Reputation: 85
I would count all distinct items considering parent and child tag.
For example, if the document contains:
<root>
<A value="5.1">
<B value="3.5">
<C value="1.4">
<D value="0.2">
<E value="X"/>
</D>
</C>
</B>
</A>
<A value="5.1">
<B value="3.5">
<C value="1.4">
<D value="0.4">
<E value="Y"/>
</D>
</C>
</B>
</A>
<A value="4.6">
<B value="3.1">
<C value="1.5">
<D value="0.2">
<E value="X"/>
</D>
</C>
</B>
</A>
<A value="5.0">
<B value="3.6">
<C value="1.4">
<D value="0.2">
<E value="X"/>
</D>
</C>
</B>
</A>
</root>
I would count all distinct items for AB, ABC, ABCD, BCD etc.
I tried this xquery command, but got only the distinct values for individual items:
count(distinct-values(doc('partitioncollection')/root/A/@value)) -> 3
count(distinct-values(doc('partitioncollection')/root/B/@value)) -> 3
count(distinct-values(doc('partitioncollection')/root/C/@value)) -> 2
More specifically, if I want calculate the counts of all possibile pairs of value, the results should show:
A/B : 3
A/B/C : 3
A/B/C/D : 4
A/B/C/D/E : 4
B/C : 3
B/C/D : 4
B/C/D/E : 4
C/D : 3
C/D/E : 3
D/E : 2
C/E : should be 3 because there are 3 distinct pairs of values:
<C value="1.4"><E value="X"/>
<C value="1.4"><E value="Y"/>
<C value="1.5"><E value="X"/>
A/D : should be 4 because there are 4 distinct pairs of values:
<A value="5.1"><D value="0.2">
<A value="5.1"><D value="0.4">
<A value="4.6"><D value="0.2">
<A value="5.0"><D value="0.2">
etc.
Being computationally complex, I believe it is easier to create a function that takes as a single set of tags (i.e. A-D or C-E etc.) and returns the value of the counter
Upvotes: 0
Views: 409
Reputation: 167716
I am still not sure the problem is precisely described (it is not clear whether the structure is always A/B/C/D/E
, it is not clear whether for deeper levels you only want to compare e.g. B/C
if they are children of an A
with the same value) but in general I think this can be solve using grouping and recursion; I came up with
declare function local:distinct-descendants($elements as element()*) as xs:string*
{
for $element-group in $elements[*]
group by $element-name := node-name($element-group)

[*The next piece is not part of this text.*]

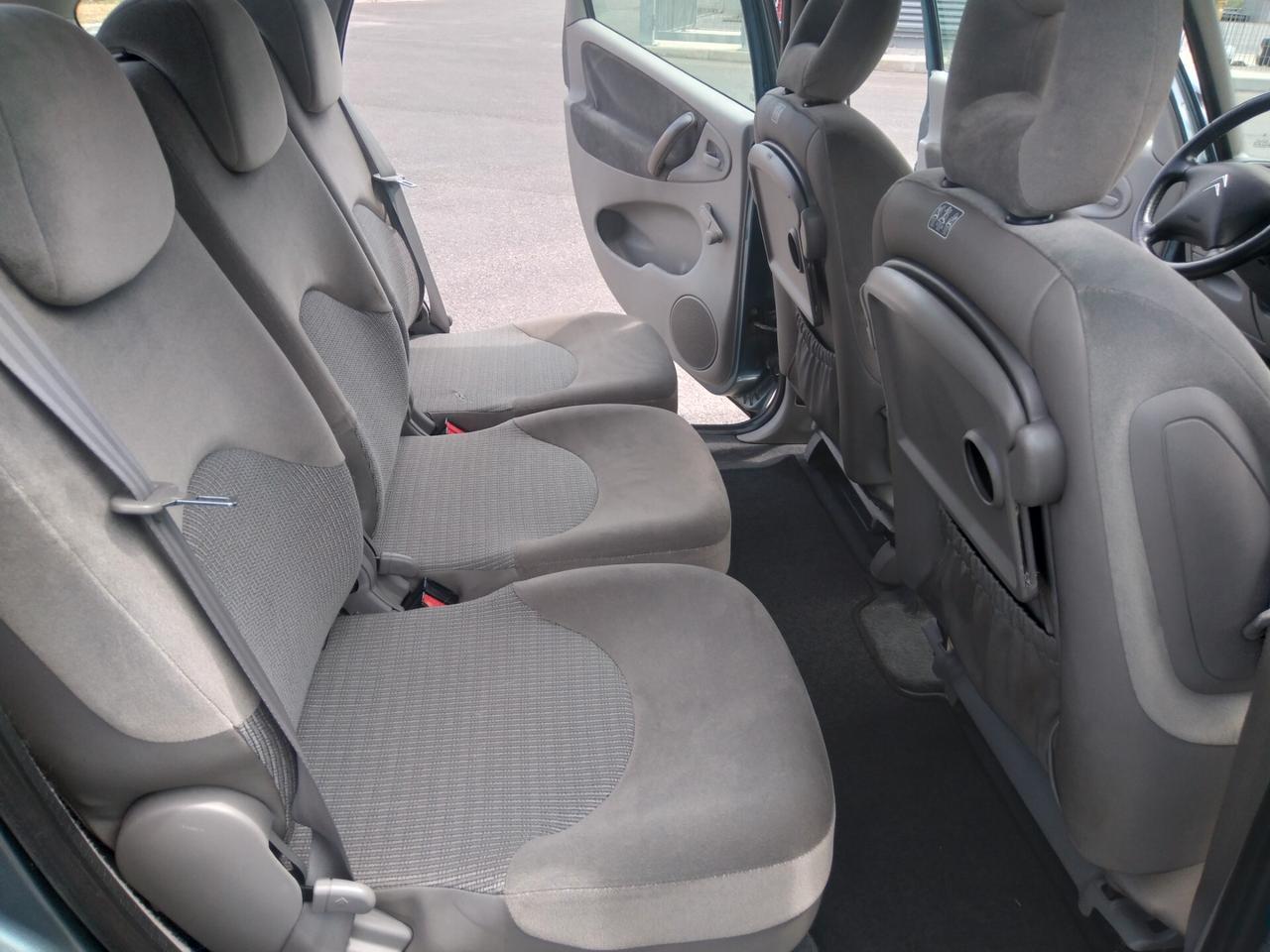 Citroen Xsara Picasso 1.6 16V 109cv Elegance xneopatentati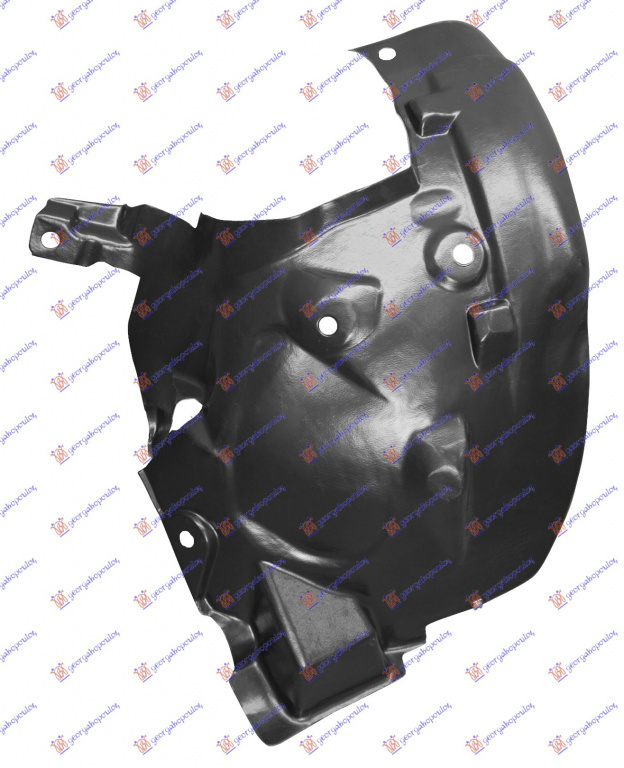 Carenaj Aripa - Renault Clio 2013 , 638427803r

let $max-depth := max($element-group/count(.//*)) + 1
for $level in 2 to $max-depth
let $groups :=
for $path-group in $element-group
group by $group-path := string-join(subsequence($path-group/descendant-or-self::*/node-name(), 1, $level), '/')

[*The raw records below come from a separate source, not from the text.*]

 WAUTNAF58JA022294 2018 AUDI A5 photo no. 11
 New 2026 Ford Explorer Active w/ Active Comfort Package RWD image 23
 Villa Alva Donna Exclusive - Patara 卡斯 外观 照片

for $value-group in $path-group
group by $value-seq := string-join(subsequence($value-group/descendant-or-self::*/@value, 1, $level), '|')
return head($group-path)
for $level-group in $groups
group by $level-path := $level-group
order by head($level)
return $level-path || ' : ' || count($level-group)
,
if ($elements/*) then local:distinct-descendants($elements/*) else ()
};
local:distinct-descendants(root/*)
At https://xqueryfiddle.liberty-development.net/nbUY4kz/4 this outputs
A/B : 3
A/B/C : 3
A/B/C/D : 4
A/B/C/D/E : 4
B/C : 3
B/C/D : 4
B/C/D/E : 4
C/D : 3
C/D/E : 3
D/E : 2
I get the same result with BaseX.
The code might be a bit too complicated if the structure is always A/B/C/D/E
, in that case the first grouping on the node-name()
is not needed.
I also had to group twice inside, on the "path" sequence (e.g. A/B/C
) and on the @value
sequence, there might be easier ways but I wasn't able to relate unique @value
sequences with the the nesting structure without doing the duplicate grouping.
Perhaps
declare function local:distinct-descendants($elements as element()*) as xs:string*
{
let $max-depth := max($elements/count(descendant-or-self::*))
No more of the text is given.